IndiGo Flight Crisis Explained: India’s aviation sector suffered an unprecedented setback in the first week of December 2025, as IndiGo, by far the country’s largest airline, began cancelling and delaying flights on a large scale. This resulted in airports being flooded with stranded passengers, and fares soaring overnight.
This raises a sharp question: Has India’s aviation system become dependent on just a few companies?
Early December is the peak travel season for weddings, vacations, and business trips, which is why many travellers book their flights this month. However, in the first week of December 2025, flights were disrupted at all major hubs, from Delhi and Mumbai to Hyderabad, Ahmedabad, Kolkata, and Guwahati. Dozens of flights appeared in the “cancelled” column even before departure time. At many terminals, passengers had to spend the night on chairs and floor corners.

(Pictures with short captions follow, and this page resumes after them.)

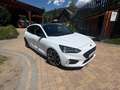 Ford Focus Focus 1,5 EcoBoost ST-Line Business Aut. ST-Line Business Weiß - thumbnail 2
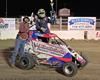 Spicola, Ernst, and Ashcraft Earn NOW600 Mile High Region wins at El Paso County Raceway!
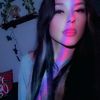 syd._.marychna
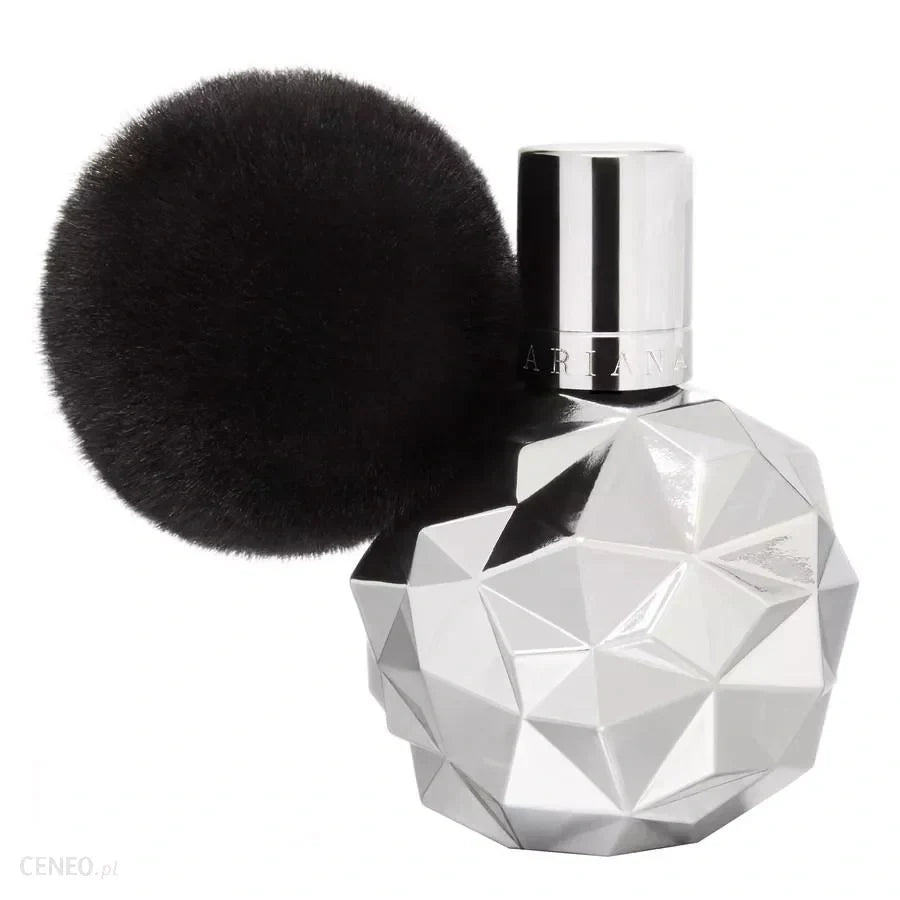 Ar*aana G*aande Fr*nkie EDP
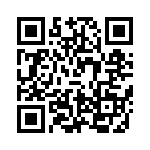 VE-J3J-CX-F1 QRCode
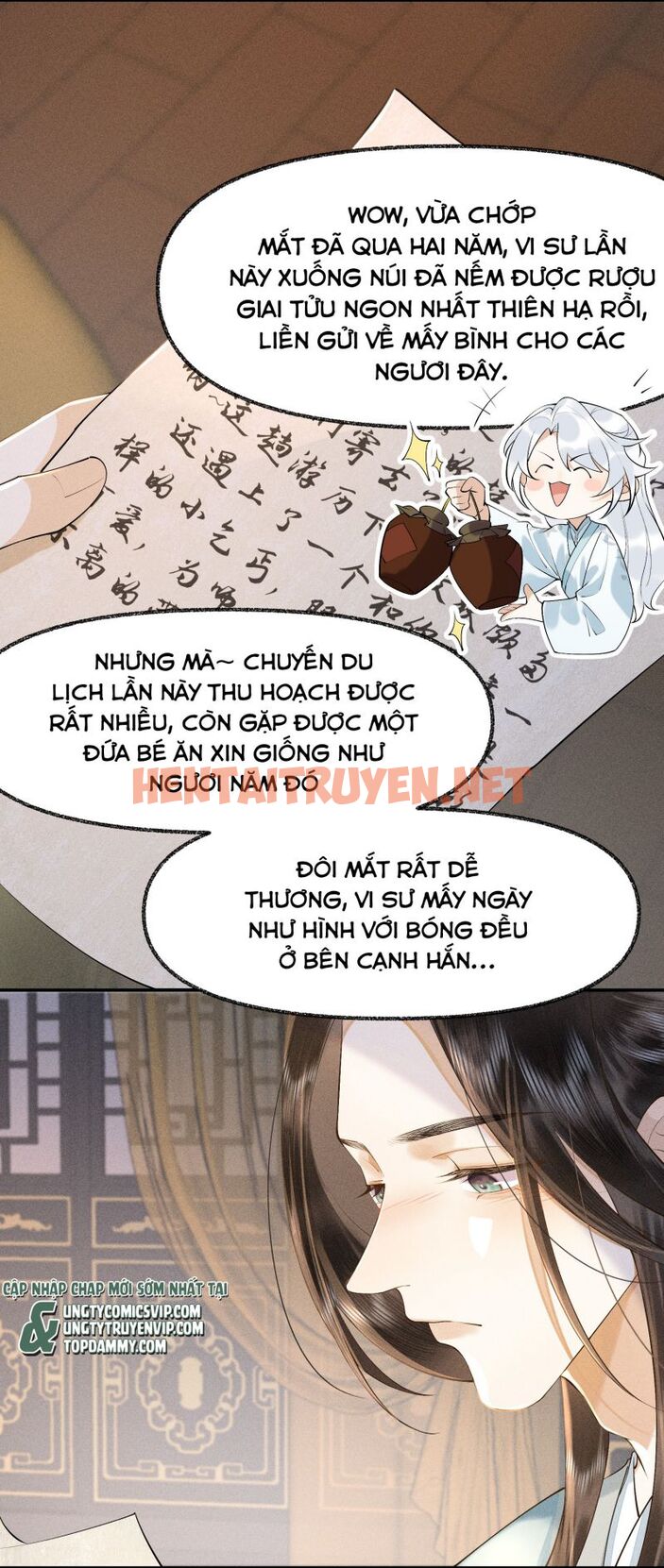 Xem ảnh Tiên Tổ Tại Hạ - Chap 13 - img_022_1690024407 - HentaiTruyenVN.net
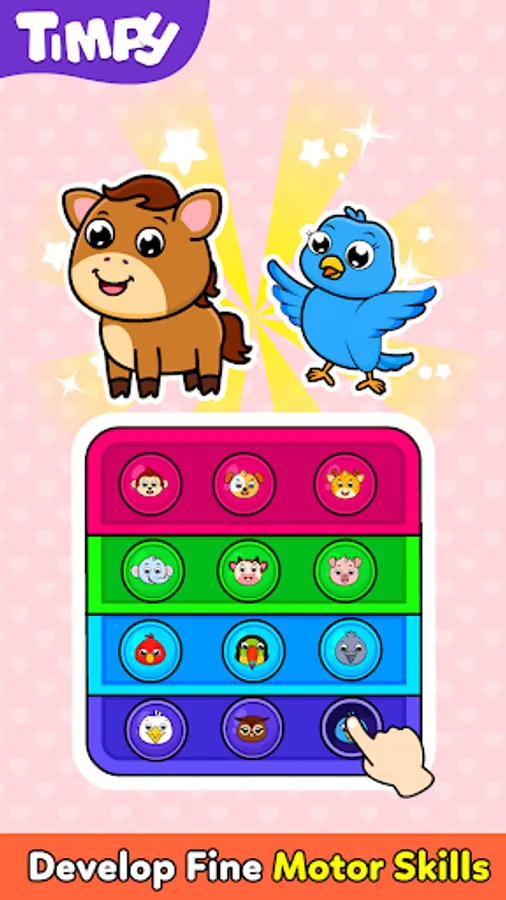 Screenshot 29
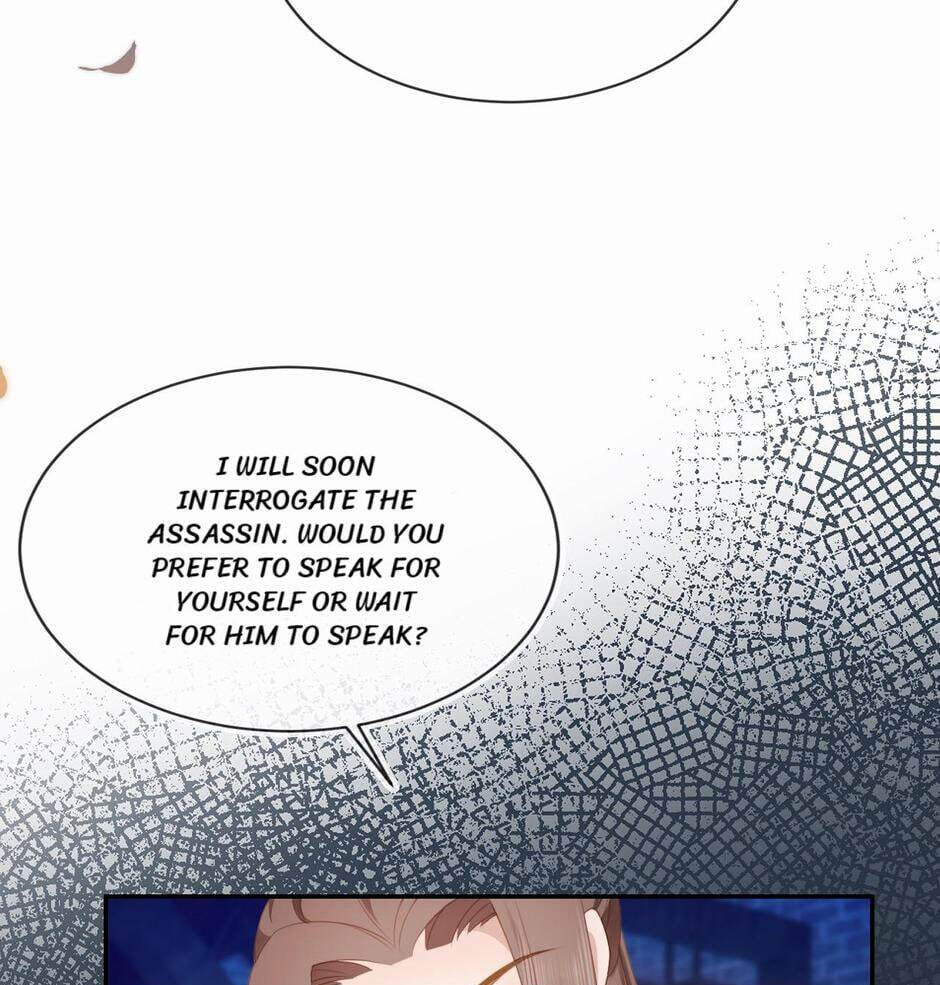 Popular Princess Chapter 137 page 9 - 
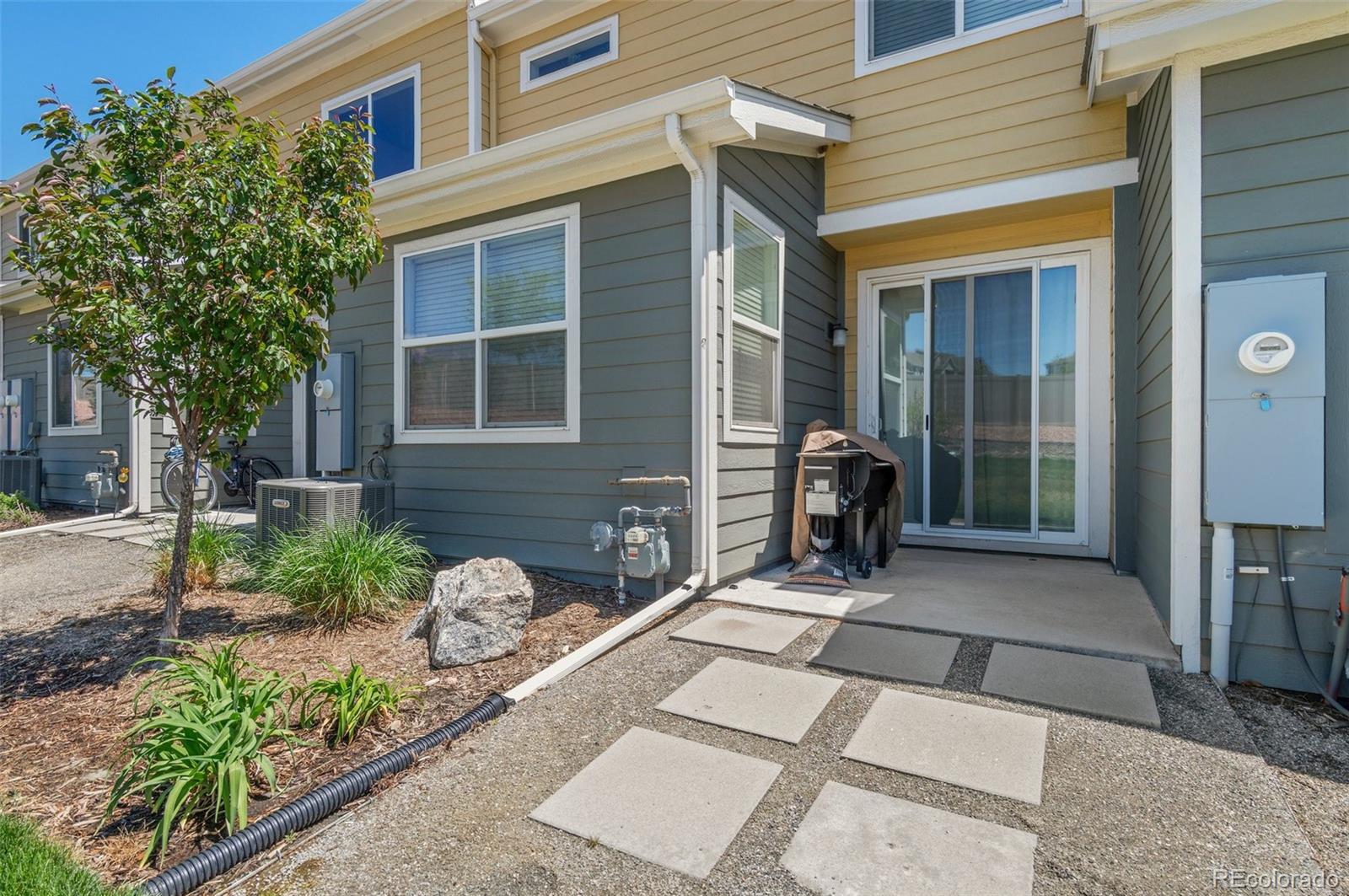 MLS Image #29 for 9719  albion lane ,thornton, Colorado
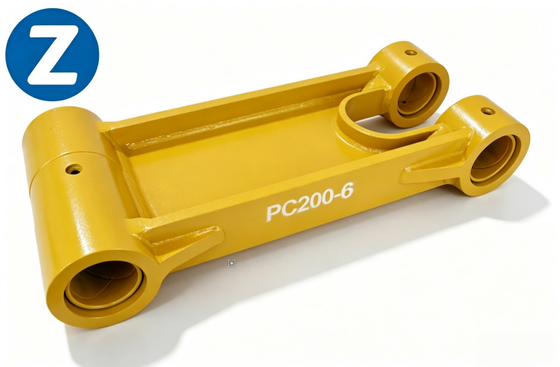 Good price 20Y7033121 H Link For PC200-6 online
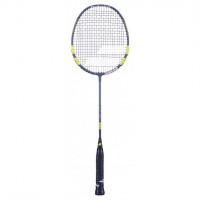 Бадминтонная ракетка Babolat EXPLORER I 601298/113 ✔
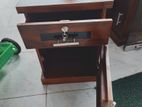 Bed Side Cupboard (N-24)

Within 72 hours, it became clear that the problem was far more serious than simple delays. On December 5 alone, nearly 1,000 IndiGo flights were cancelled or severely delayed.
For ordinary travellers, the crisis was a double whammy: not only were flights being cancelled, but ticket prices were also skyrocketing due to reduced capacity.
On the Delhi-Bengaluru route, fares reached Rs 40,000 – Rs 80,000 within a few hours. Delhi-Mumbai fares reached Rs 36,000, while return fares ranged from Rs 23,000 – Rs 37,000. Delhi-Chennai fares reached Rs 62,000 – Rs 82,000. In contrast, Delhi-Dubai tickets were available for around Rs 25,800, Bengaluru-Dubai Rs 15,000, and Delhi-Bangkok Rs 18,700 – making international travel cheaper than flying within India.
This has reignited debate over the risks posed by a duopoly or near-monopoly in the aviation sector.
What caused the crisis?
IndiGo cited the implementation of new Flight Duty Time Limitation (FDTL) rules as the main reason for this crisis. The new rules had suddenly reduced crew availability, leading to widespread flight cancellations.
What is the FDTL rule?
The new Flight Duty Time Limitation (FDTL) rules determine how long a pilot can be on duty, nighttime regulations, the number of takeoffs and landings allowed in a shift, and mandatory rest periods – all aimed at reducing fatigue and increasing safety.
DGCA notified the new rules in January 2024
Congress MP Sasikanth Senthil pointed out that the DGCA notified the new rules in January 2024. Airlines were given a longer timeframe: Phase I began on July 1, 2025, and full implementation began on November 1, 2025. In fact, airlines had about 18-20 months to prepare and recruit crew.
That’s why many people started asking if the rules were known in advance, why were the airlines not prepared?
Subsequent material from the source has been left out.